Felicity’s head was spinning. She wasn’t fired? She was… the story?
“The Gala is in three weeks,” Meena said, her tone shifting back to brisk, corporate command.
“You’ll have a budget, you’ll have volunteers, and you’ll have my full support.
Make it magical. Report to me frequently.
” She gave them both a look that was equal parts encouragement and warning. “Don’t let me down.”
And with that, she turned on her heel and clicked away, leaving a stunned silence in her wake.
The silence was broken by Ida. “Well, this should be more entertaining than the town council meetings.”

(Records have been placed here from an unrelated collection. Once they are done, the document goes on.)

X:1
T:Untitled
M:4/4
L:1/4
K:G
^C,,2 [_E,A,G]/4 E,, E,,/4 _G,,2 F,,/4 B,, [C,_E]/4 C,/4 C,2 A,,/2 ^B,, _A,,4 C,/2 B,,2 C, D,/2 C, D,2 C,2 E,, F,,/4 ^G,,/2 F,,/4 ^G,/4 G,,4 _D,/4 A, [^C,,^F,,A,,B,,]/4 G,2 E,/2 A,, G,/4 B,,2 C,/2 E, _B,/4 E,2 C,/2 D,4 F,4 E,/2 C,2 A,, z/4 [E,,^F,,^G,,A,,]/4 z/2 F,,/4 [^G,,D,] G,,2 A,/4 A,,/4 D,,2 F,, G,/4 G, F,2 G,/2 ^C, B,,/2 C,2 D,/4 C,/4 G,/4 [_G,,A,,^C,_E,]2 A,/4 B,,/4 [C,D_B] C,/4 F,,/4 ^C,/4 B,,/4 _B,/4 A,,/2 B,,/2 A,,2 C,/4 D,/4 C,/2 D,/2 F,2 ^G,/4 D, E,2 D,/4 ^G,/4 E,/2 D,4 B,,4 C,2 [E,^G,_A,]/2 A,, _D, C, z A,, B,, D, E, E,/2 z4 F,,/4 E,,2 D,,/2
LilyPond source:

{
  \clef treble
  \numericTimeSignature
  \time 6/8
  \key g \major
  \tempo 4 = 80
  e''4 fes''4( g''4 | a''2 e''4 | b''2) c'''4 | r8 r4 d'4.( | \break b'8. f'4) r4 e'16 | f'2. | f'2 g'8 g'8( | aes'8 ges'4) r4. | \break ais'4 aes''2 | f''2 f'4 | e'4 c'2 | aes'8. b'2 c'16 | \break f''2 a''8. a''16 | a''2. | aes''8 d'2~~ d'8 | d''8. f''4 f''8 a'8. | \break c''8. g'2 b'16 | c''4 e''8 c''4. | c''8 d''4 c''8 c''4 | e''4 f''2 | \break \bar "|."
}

Felicity slowly turned to face Grant. His jaw was clenched so tight she was surprised his teeth hadn’t powdered. He looked at her, then at the iridescent mess, then back at her. A war was being waged behind those stormy eyes.
Forced partnership. With him. Mr. Grumpystiltskin. On the single most important project of her career.
A tiny, hysterical bubble of laughter rose in her chest. She ruthlessly squashed it down, replacing it with a bright, determined, and utterly defiant smile.
He might be the beige, but she was the glitter. And the battle for the soul of the Frost Pine Ridge Bank had just begun.